Bottom line? While I like Millenson's sexy little "three I's of safety", I think the solutions, as is always the case when you start looking under the hood, are more complicated and nuanced. In a recent post I cited 5 potential solutions to our quality problem, and I will repeat them here:
1. Empower clinicians to provide only care that is likely to produce a benefit that outweighs risks, be they physical or emotional.No, they are not simple, they are not sexy, and most importantly they may be painful. Yet, what is the alternative? We must stop this massive bleeder before the American public starts thinking that the cure is worse than the disease.
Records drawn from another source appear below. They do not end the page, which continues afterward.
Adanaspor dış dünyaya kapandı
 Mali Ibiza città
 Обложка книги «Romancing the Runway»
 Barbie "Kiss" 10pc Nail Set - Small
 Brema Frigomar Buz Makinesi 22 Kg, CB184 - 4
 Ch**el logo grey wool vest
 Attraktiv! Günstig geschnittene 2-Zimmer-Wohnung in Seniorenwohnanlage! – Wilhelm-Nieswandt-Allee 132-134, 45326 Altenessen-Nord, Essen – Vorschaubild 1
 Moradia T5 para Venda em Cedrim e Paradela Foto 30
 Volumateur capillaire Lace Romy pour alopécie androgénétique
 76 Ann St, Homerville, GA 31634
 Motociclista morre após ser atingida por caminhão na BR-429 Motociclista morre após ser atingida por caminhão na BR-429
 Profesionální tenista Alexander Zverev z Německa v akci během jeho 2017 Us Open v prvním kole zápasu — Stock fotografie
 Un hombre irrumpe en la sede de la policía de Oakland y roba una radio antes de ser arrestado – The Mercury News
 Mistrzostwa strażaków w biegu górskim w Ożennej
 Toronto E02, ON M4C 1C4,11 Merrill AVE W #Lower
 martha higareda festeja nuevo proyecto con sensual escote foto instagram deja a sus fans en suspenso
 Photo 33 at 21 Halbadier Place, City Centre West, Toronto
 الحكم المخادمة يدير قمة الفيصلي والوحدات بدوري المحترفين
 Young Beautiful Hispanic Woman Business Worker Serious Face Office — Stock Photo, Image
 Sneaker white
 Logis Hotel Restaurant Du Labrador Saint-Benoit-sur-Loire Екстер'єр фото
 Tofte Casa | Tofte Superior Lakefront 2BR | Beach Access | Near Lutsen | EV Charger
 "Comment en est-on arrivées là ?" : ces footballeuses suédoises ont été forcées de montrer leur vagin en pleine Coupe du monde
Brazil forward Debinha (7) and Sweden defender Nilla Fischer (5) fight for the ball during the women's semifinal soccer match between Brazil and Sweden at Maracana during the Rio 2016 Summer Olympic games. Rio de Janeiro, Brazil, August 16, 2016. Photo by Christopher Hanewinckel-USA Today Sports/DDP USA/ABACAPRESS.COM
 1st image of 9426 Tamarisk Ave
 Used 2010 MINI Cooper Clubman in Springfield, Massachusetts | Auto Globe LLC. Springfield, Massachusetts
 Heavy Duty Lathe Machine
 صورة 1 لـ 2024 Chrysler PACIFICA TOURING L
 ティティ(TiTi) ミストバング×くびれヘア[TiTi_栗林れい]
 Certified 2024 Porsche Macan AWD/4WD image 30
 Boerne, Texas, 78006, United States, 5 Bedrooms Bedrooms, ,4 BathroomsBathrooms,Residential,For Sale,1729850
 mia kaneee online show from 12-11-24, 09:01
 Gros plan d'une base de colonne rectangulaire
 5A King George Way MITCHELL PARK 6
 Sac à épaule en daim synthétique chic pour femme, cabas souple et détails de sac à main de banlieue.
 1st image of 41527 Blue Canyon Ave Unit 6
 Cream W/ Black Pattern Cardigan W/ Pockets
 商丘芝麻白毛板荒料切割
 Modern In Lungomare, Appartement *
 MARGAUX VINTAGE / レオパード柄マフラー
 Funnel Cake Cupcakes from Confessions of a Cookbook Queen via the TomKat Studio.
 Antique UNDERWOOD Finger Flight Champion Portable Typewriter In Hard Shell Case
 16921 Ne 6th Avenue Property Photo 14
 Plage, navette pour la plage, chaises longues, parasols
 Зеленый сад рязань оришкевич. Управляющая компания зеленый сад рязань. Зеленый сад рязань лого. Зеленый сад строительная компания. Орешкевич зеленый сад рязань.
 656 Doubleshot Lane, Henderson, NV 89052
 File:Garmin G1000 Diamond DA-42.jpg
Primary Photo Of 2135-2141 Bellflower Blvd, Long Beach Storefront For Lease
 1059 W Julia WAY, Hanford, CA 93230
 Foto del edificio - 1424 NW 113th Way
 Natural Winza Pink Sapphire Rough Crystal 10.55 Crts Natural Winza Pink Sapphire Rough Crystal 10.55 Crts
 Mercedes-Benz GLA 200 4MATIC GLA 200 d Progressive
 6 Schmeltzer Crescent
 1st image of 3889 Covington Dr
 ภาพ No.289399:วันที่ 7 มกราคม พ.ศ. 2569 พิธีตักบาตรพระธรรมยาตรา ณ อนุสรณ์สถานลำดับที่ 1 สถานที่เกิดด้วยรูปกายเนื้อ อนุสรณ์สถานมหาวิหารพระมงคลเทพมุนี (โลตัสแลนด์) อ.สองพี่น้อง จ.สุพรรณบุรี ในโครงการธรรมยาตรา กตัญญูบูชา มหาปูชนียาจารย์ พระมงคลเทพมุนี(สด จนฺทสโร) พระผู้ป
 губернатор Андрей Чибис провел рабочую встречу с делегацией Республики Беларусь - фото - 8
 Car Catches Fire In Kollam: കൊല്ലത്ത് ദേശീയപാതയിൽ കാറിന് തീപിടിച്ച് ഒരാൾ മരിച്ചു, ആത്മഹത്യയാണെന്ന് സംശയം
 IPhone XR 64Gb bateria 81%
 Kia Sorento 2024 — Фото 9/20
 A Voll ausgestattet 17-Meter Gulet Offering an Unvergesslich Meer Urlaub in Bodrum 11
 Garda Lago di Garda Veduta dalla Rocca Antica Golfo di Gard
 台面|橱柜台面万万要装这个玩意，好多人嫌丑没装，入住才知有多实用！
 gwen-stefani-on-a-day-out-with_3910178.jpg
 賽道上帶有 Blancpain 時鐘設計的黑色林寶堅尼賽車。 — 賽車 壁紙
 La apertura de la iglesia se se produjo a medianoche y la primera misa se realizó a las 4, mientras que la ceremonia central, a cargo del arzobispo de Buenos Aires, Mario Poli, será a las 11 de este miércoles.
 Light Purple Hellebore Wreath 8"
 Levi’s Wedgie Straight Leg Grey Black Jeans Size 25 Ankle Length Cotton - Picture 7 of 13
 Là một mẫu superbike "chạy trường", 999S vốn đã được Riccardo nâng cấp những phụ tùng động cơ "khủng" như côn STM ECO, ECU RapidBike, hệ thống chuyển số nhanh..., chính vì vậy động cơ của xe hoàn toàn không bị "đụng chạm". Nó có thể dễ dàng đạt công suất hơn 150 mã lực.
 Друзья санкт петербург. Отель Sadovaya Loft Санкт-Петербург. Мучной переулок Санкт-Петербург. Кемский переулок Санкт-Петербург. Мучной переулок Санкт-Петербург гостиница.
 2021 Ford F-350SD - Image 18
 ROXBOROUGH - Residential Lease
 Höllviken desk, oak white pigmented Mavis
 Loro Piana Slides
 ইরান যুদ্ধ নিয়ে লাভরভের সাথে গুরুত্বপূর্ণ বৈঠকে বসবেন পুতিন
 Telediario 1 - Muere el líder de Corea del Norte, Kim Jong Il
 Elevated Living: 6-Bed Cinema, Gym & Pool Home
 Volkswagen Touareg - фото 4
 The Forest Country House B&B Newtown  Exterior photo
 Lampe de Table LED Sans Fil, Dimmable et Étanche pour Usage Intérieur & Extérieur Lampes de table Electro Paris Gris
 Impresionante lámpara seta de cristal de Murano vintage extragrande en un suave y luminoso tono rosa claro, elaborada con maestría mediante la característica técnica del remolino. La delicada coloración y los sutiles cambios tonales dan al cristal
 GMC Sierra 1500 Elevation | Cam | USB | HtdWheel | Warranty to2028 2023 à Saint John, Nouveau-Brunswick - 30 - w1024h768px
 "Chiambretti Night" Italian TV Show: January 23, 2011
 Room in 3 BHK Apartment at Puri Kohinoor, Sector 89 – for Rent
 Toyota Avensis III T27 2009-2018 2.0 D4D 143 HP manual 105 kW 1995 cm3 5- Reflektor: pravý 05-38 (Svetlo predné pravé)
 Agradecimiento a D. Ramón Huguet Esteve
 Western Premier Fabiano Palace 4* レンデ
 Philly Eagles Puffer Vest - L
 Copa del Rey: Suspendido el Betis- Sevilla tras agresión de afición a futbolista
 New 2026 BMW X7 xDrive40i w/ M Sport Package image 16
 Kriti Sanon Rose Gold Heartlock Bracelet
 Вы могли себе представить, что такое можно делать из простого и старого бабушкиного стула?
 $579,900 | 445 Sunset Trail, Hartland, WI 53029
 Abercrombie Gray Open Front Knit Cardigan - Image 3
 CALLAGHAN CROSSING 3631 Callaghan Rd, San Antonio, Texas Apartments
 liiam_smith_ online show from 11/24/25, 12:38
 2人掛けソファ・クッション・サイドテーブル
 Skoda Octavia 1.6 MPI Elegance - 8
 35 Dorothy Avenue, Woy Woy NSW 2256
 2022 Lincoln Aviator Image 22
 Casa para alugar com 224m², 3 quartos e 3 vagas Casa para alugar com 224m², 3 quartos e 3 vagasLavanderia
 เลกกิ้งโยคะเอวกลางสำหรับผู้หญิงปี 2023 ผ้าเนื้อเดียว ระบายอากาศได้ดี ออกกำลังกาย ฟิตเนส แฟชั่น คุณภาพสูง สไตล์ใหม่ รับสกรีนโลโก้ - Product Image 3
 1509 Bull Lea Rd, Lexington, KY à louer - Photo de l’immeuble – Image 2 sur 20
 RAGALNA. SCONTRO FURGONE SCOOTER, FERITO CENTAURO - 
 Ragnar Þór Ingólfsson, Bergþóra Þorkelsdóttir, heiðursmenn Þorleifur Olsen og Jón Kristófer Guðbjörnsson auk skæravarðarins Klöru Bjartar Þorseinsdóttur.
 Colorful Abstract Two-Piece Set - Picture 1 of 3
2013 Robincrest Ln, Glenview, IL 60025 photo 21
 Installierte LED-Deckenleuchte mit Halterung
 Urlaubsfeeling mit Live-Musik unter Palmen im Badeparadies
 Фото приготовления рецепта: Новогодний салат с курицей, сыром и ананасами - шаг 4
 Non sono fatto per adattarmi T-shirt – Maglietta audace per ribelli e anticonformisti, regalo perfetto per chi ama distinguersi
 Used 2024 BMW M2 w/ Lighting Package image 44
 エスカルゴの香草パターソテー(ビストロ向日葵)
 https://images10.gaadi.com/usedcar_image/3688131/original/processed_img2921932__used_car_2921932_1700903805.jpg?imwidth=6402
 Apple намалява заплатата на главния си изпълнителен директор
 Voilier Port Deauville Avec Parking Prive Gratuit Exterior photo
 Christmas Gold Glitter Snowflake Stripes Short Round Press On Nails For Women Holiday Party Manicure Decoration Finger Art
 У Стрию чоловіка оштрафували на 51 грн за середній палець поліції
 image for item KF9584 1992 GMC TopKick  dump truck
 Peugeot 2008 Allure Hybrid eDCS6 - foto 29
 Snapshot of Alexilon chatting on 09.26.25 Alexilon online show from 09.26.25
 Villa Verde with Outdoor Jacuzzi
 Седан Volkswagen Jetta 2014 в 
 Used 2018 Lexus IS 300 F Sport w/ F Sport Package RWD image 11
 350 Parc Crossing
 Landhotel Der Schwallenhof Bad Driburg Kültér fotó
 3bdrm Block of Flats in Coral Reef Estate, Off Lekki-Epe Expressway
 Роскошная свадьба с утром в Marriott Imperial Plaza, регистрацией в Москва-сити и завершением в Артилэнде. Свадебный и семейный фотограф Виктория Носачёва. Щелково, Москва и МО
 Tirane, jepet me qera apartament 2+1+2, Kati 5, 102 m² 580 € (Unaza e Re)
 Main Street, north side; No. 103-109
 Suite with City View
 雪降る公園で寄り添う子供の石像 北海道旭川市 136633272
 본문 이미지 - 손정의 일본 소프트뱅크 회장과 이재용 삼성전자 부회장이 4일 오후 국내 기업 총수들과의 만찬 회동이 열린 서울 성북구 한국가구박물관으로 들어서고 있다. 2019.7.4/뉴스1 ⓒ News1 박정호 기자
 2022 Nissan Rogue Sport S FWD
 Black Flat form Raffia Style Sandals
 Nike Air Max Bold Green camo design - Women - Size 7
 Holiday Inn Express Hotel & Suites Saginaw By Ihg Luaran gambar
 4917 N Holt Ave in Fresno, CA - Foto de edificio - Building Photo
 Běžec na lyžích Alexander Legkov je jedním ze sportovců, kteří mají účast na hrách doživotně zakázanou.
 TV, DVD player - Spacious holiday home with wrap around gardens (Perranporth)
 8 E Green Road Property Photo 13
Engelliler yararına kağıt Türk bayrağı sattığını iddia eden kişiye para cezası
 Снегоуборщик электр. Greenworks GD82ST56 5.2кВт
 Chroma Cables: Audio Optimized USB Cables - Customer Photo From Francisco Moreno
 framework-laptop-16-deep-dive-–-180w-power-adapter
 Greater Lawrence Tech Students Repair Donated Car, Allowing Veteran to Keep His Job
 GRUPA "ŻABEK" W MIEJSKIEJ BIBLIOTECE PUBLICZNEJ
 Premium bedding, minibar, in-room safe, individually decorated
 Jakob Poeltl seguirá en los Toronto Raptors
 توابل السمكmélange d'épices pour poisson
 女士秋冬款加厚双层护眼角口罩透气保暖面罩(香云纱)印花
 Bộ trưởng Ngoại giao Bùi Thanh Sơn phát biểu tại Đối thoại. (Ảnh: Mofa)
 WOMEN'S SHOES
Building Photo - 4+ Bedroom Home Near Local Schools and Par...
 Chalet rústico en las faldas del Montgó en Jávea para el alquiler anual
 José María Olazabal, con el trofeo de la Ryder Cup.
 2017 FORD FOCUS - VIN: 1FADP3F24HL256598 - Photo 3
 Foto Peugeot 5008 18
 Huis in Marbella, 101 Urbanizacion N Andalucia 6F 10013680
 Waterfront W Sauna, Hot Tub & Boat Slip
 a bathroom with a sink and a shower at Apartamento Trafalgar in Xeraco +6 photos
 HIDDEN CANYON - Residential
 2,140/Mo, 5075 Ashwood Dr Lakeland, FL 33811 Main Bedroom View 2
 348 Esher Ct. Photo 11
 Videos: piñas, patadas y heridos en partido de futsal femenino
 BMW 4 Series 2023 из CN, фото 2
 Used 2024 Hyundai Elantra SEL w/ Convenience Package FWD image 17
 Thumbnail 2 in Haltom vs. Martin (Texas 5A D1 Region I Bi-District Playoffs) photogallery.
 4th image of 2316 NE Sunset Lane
2. Reward the signal and not the noise. I wrote about this here andhere.
3. Reward clinicians with more time rather than money. Although I am not aware of any data to back up this hypothesis, my intuition is that slowing down the appointment may result not only in reduction of harm by cutting out unnecessary interventions, but also in overall lowering of healthcare expenditures. It is also sure to improve the crumbling therapeutic relationship.
4. We need to re-engineer our research enterprise for the most important stakeholder in healthcare: the clinician-patient dyad. We need to make the data that are currently manufactured and consumed for large scale policy decisions more friendly at the individual level. And as a corollary, we need to re-think how we help information diffuse into practice and adopt some of the methods of the social sciences.
5. Let's get back to the tried and true methods of public health, where an ounce of prevention continues to be worth a pound of cure. Yes, let's strive for reducing cancer mortality, but let us invest appropriately in stuffing that tobacco horse back into its barn -- getting people to stop smoking will reduce lung cancer mortality by 85% rather than 0.3%, and at a much lower cost with no complications or false positives. Same goes for our national nutrition and physical activity struggles. Our social policies must support these well-recognized and efficient population interventions.